This blog describes an approach towards building a scalable, fault-tolerant L2 DC Network Fabric. This approach was published as a part of the SIGCOMM'09 conference. (Proceedings of the ACM SIGCOMM 2009 conference on Data communication)
PortLand Design
Fat Tree Topology:
The PortLand design is based on the Fat Tree topology (as shown below) - multi rooted trees with switches organised into a hierarchy: core, aggregate and edge switches. It assumes that the baseline topology is relatively fixed with most of the additions in the form of "leaf" server nodes. Fat Tree also forms the basis of many existing data center topologies. A k-ary fat tree is defined as follows :
- There are k pods, each containing two layers of k/2 switches [aggregate and edge switches].
- Each k-port switch in the lower layer is directly connected to k/2 hosts [edge switches connect to the hosts]. Each physical host can further host multiple virtual machines.
- Each of the remaining k/2 ports (of the edge switches) is connected to k/2 of the k ports in the aggregation layer of the hierarchy.
- There are (k/2)square k-port core switches. Each core switch has one port connected to each of k pods. The i th port of any core switch is connected to pod i, each aggregate switch from a pod connects to (k/2) core switches.
- In general, a fat-tree built with k-port switches supports (k cube)/4 hosts and consists of (5/4)k squared switches.
Fat tree using 4 - port switches (4-ary fattree) |
Design:
The format of the 48-bit pseudo MAC is : | pod-num-16 | switch-pos-8 | port-8 | vmid-16 |. The assignment of pmac and translation of pmac to actual MAC and vice versa is done by the edge switches. Within the network, the actual MACs are completely abstracted using this translation and the whole system is transparent.
PortLand involves a user process called the Fabric Manager. This Fabric Manager corresponds to the controller in the SDN, and plays a key role in minimizing the internal broadcast traffic of the DC.
Working:
Let's discuss Positional Pseudo MAC Addresses before coming back to the key role played by the Fabric Manager.
Positional PMAC addressing -
As discussed above, the PMAC addressing based on the hosts' position in the DC network is carried out by the Edge switches. For all the incoming packets, the edge switch replaces the destination MAC (PMAC) with the actual MAC of the host. Similarly, for all outgoing packets, the source MAC address is replaced by the PMAC of the host. This ensures the that rest of the network is abstracted from the existence of the PMAC <-> AMAC translations. The host continues unmodified, working with its actual flat MAC address.

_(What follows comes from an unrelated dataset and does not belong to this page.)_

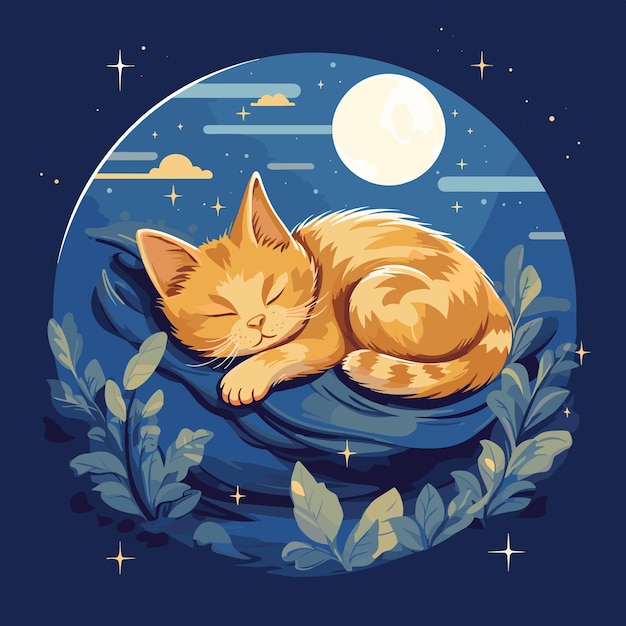 Leuke slapende kat vector kan worden gebruikt als mode afdruk voor pyjama of t-shirt goedenacht zoete dromen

Having a PMAC reduces the forwarding table entries in the switches - forwarding outside the pod requires only examining the first 8 bits of the destination MAC address, while within the same pod, examining the switch position and then the remaining bits gives the exact location of the host. This is analogous to using the subnet matching for ip addresses in routing tables. Hence, introducing the PMAC translations at the Edge switch level helps in leveraging the benefits of the hierarchical addressing scheme similar to the Layer 3 forwarding.
Role of the Fabric Mananger -
The Fabric Manager maintains a table of the IP -> PMAC mapping of all the hosts in the network. It is updated with these details after a new host is assigned a PMAC address by its corresponding Edge switch. The Fabric manager uses this information to forward ARP requests, thereby minimizing the ARP broadcast traffic.
Location Discovery Protocol - This is a custom protocol used by PortLand switches to set their positions in the network and to monitor liveliness in steady state. (these LDP packets are hence sent periodically and contain the switch identifier, pod, position and other useful information)
This hierarchical addressing is leveraged to reduce the internal broadcast traffic, it reduces both the kinds of broadcast -
- There is no switch level broadcast now since the switch always know where to forward the packet just by looking at the structure of pseudo MAC.
- It also reduces the ARP broadcast traffic : the edge switches intercept any ARP packets and send it to the Fabric Manager. If its a request and the manager has the {IP : pseudo MAC} mapping, it sends the pseudo MAC to the edge switch and the edge switch crafts an ARP reply and sends it back to the requesting host avoiding a broadcast. If the{IP : pseudo MAC} mapping is not present, then it resorts to a broadcast; when the other host replies to the ARP request, the Fabric Manager also gets a copy of the ARP reply and can update its ARP table.